> **Exercise instructions**
Only the lines below from the one containing "Lost Falls Campground" through the one containing "Soulmate (Last Everything)" belong in the answer, repeated exactly and without pictures.

> **Information shown**
>>>>>
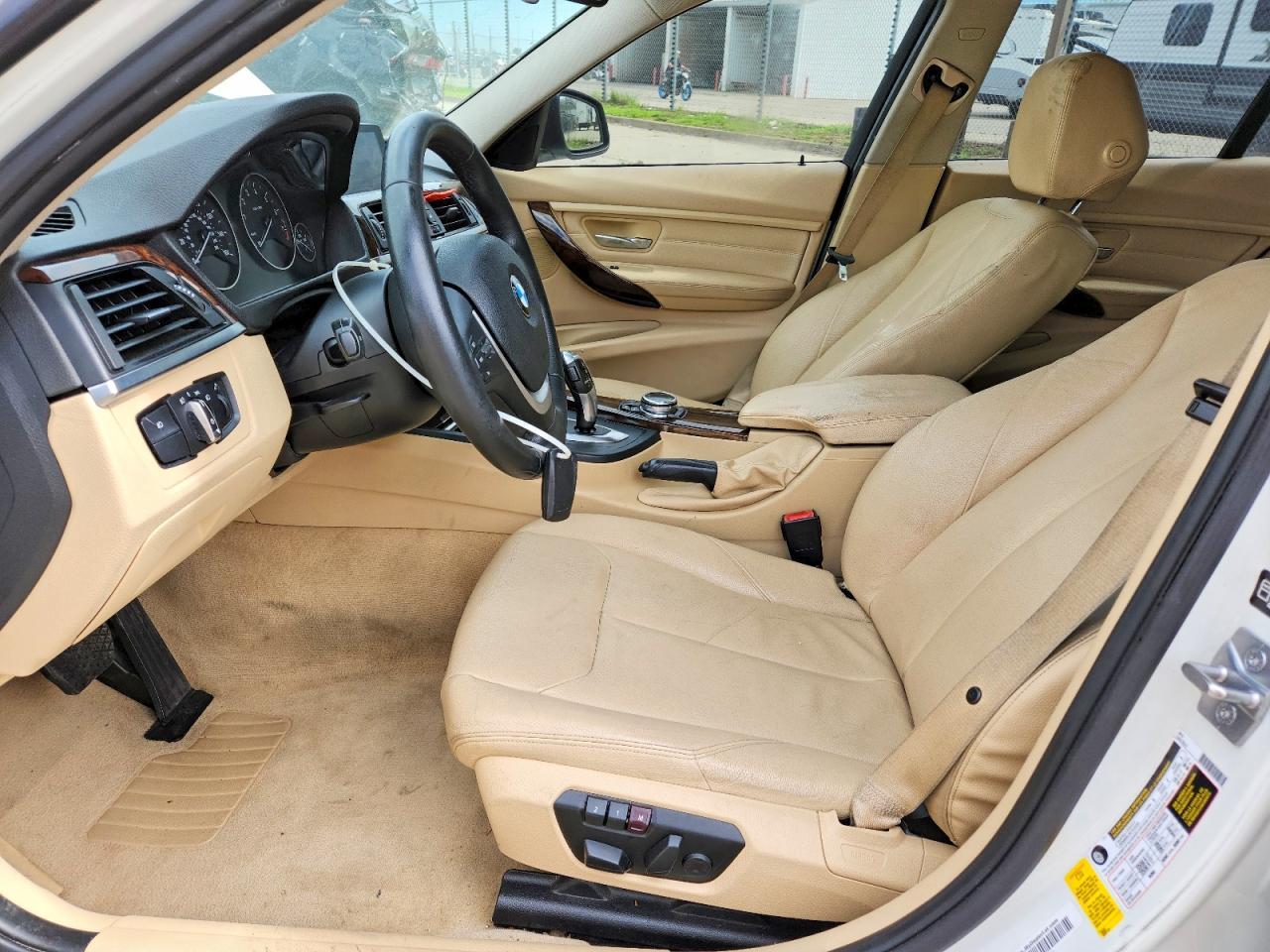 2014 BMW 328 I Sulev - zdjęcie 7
<<<<<
>>>>>
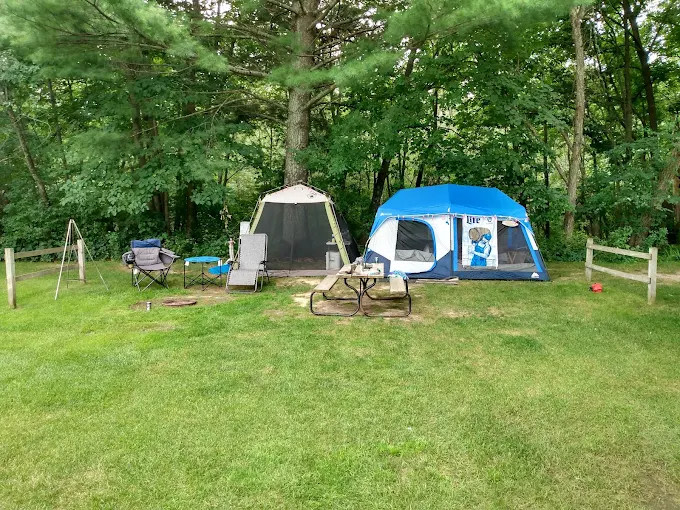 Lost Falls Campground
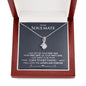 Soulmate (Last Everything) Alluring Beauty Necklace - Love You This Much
<<<<<
>>>>>
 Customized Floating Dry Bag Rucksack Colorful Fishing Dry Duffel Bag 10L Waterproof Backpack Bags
<<<<<
> **Result below**
 Lost Falls Campground
 Soulmate (Last Everything) Alluring Beauty Necklace - Love You This Much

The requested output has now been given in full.